WHAT TO WORK ON ▸
All lines from the opening of the entries below through the line containing "Arduino-Tutorial-6-led-sang-dan-tat-dan-thumnail.jpg" must be output exactly as they appear, with no other lines.

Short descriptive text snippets
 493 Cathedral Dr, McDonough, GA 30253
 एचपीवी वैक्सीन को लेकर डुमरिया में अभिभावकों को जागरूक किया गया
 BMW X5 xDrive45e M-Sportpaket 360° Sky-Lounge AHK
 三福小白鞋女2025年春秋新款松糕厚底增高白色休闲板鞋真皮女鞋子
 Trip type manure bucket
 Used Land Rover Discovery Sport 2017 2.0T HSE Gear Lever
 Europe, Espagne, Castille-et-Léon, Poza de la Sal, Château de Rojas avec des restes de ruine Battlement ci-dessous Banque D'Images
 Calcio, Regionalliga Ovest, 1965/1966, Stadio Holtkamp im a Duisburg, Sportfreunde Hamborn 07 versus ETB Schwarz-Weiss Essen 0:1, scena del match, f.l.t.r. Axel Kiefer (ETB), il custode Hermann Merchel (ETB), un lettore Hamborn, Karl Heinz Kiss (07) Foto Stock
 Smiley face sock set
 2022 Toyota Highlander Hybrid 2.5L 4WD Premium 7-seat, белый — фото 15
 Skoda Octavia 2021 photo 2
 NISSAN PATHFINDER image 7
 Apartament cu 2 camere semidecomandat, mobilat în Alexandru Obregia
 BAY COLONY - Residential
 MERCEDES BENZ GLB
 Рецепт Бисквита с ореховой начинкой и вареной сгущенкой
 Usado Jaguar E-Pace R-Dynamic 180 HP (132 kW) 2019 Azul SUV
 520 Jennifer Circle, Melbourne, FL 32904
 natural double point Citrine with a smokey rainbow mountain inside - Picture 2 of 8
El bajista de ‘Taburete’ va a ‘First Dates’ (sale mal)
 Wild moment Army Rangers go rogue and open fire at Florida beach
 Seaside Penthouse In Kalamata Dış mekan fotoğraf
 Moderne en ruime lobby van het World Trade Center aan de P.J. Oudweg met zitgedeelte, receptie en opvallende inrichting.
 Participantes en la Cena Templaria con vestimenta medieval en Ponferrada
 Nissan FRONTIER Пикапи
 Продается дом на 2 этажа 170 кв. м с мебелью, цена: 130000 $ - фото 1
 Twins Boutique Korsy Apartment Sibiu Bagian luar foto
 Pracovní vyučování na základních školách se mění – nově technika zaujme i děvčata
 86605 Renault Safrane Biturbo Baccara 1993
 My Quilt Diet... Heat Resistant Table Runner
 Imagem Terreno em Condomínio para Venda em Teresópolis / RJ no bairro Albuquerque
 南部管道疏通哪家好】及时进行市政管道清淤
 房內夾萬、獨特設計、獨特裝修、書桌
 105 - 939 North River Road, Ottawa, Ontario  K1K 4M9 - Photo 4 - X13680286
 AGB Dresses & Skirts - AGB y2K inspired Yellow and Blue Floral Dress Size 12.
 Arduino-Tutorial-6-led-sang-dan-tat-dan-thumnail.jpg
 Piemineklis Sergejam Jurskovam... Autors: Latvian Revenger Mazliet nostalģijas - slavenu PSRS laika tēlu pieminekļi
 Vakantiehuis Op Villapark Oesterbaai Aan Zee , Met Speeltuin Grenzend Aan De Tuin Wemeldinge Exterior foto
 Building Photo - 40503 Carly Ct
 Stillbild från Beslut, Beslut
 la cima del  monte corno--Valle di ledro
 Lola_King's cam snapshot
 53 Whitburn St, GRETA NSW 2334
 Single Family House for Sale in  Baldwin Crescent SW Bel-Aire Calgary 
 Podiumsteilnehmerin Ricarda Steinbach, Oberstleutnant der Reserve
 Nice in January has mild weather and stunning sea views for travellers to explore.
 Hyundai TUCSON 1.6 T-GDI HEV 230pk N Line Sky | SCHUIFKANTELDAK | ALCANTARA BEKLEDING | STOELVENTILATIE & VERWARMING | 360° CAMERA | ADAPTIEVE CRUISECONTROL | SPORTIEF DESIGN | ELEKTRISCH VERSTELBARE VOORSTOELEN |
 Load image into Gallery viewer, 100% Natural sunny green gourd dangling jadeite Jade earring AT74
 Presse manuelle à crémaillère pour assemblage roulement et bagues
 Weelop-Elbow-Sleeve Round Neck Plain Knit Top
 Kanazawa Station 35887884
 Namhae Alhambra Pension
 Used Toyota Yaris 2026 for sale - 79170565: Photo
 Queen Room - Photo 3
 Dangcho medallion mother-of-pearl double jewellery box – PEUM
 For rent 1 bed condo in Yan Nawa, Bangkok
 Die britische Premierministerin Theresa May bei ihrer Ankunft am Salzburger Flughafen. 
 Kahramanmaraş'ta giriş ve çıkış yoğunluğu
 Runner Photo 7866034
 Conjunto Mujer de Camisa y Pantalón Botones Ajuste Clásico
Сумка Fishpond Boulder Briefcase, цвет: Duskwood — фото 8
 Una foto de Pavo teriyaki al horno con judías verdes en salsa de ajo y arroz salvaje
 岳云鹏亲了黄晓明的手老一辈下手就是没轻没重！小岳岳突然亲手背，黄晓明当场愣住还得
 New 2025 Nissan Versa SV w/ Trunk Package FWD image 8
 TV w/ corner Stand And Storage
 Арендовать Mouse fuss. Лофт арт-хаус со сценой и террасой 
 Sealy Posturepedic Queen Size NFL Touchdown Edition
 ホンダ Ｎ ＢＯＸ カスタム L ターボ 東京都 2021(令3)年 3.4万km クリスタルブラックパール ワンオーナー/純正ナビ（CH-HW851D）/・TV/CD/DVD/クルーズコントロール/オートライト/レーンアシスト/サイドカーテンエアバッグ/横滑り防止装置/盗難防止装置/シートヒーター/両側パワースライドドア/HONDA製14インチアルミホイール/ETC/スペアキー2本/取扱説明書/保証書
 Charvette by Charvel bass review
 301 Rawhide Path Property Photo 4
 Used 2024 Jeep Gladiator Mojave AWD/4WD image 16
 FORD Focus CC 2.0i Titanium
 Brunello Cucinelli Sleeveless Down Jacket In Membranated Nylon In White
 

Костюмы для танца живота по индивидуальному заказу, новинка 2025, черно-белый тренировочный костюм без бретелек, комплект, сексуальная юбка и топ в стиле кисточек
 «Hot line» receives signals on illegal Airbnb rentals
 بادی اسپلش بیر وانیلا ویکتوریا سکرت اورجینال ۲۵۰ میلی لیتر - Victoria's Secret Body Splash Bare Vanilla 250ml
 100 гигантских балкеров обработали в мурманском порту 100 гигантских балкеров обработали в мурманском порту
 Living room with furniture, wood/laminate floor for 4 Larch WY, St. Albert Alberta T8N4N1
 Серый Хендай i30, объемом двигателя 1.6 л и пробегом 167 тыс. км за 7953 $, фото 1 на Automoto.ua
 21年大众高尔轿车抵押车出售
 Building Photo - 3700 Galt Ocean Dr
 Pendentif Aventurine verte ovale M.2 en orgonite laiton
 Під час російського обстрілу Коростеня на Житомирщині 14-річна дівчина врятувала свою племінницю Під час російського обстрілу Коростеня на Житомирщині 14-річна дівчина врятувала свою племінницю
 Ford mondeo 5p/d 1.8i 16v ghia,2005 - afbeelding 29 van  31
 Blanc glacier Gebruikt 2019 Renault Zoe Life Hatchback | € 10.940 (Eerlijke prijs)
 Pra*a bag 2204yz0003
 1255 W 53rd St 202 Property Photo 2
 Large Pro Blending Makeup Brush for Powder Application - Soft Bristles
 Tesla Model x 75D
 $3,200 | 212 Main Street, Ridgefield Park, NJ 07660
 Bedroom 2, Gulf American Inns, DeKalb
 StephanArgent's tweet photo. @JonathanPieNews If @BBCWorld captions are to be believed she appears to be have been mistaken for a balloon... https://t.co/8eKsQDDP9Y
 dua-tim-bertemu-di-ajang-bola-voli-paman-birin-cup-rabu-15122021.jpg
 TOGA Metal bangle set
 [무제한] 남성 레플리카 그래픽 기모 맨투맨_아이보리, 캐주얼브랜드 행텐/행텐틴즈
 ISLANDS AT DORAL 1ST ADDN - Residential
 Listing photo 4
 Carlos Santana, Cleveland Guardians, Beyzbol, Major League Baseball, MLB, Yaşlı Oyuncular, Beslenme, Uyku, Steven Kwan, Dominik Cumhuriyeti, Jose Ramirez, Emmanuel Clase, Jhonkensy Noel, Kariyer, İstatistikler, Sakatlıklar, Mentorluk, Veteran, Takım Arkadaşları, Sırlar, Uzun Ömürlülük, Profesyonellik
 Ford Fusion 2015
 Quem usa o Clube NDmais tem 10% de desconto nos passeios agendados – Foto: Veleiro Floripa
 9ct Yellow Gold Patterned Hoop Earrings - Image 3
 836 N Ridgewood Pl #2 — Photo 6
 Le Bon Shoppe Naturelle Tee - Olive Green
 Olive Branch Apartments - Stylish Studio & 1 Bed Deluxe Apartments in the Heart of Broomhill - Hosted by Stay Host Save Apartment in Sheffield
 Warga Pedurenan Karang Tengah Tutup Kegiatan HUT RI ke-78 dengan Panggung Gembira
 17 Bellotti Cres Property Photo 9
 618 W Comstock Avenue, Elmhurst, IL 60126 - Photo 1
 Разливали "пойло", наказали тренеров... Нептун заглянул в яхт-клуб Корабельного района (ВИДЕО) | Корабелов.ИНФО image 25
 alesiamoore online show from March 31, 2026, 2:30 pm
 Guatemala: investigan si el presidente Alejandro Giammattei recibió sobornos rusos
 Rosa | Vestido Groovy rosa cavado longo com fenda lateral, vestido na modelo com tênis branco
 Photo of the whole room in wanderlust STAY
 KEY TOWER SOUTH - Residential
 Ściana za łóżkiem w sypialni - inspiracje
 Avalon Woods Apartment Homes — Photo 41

SOLVED EXERCISE ▸
 493 Cathedral Dr, McDonough, GA 30253
 एचपीवी वैक्सीन को लेकर डुमरिया में अभिभावकों को जागरूक किया गया
 BMW X5 xDrive45e M-Sportpaket 360° Sky-Lounge AHK
 三福小白鞋女2025年春秋新款松糕厚底增高白色休闲板鞋真皮女鞋子
 Trip type manure bucket
 Used Land Rover Discovery Sport 2017 2.0T HSE Gear Lever
 Europe, Espagne, Castille-et-Léon, Poza de la Sal, Château de Rojas avec des restes de ruine Battlement ci-dessous Banque D'Images
 Calcio, Regionalliga Ovest, 1965/1966, Stadio Holtkamp im a Duisburg, Sportfreunde Hamborn 07 versus ETB Schwarz-Weiss Essen 0:1, scena del match, f.l.t.r. Axel Kiefer (ETB), il custode Hermann Merchel (ETB), un lettore Hamborn, Karl Heinz Kiss (07) Foto Stock
 Smiley face sock set
 2022 Toyota Highlander Hybrid 2.5L 4WD Premium 7-seat, белый — фото 15
 Skoda Octavia 2021 photo 2
 NISSAN PATHFINDER image 7
 Apartament cu 2 camere semidecomandat, mobilat în Alexandru Obregia
 BAY COLONY - Residential
 MERCEDES BENZ GLB
 Рецепт Бисквита с ореховой начинкой и вареной сгущенкой
 Usado Jaguar E-Pace R-Dynamic 180 HP (132 kW) 2019 Azul SUV
 520 Jennifer Circle, Melbourne, FL 32904
 natural double point Citrine with a smokey rainbow mountain inside - Picture 2 of 8
El bajista de ‘Taburete’ va a ‘First Dates’ (sale mal)
 Wild moment Army Rangers go rogue and open fire at Florida beach
 Seaside Penthouse In Kalamata Dış mekan fotoğraf
 Moderne en ruime lobby van het World Trade Center aan de P.J. Oudweg met zitgedeelte, receptie en opvallende inrichting.
 Participantes en la Cena Templaria con vestimenta medieval en Ponferrada
 Nissan FRONTIER Пикапи
 Продается дом на 2 этажа 170 кв. м с мебелью, цена: 130000 $ - фото 1
 Twins Boutique Korsy Apartment Sibiu Bagian luar foto
 Pracovní vyučování na základních školách se mění – nově technika zaujme i děvčata
 86605 Renault Safrane Biturbo Baccara 1993
 My Quilt Diet... Heat Resistant Table Runner
 Imagem Terreno em Condomínio para Venda em Teresópolis / RJ no bairro Albuquerque
 南部管道疏通哪家好】及时进行市政管道清淤
 房內夾萬、獨特設計、獨特裝修、書桌
 105 - 939 North River Road, Ottawa, Ontario  K1K 4M9 - Photo 4 - X13680286
 AGB Dresses & Skirts - AGB y2K inspired Yellow and Blue Floral Dress Size 12.
 Arduino-Tutorial-6-led-sang-dan-tat-dan-thumnail.jpg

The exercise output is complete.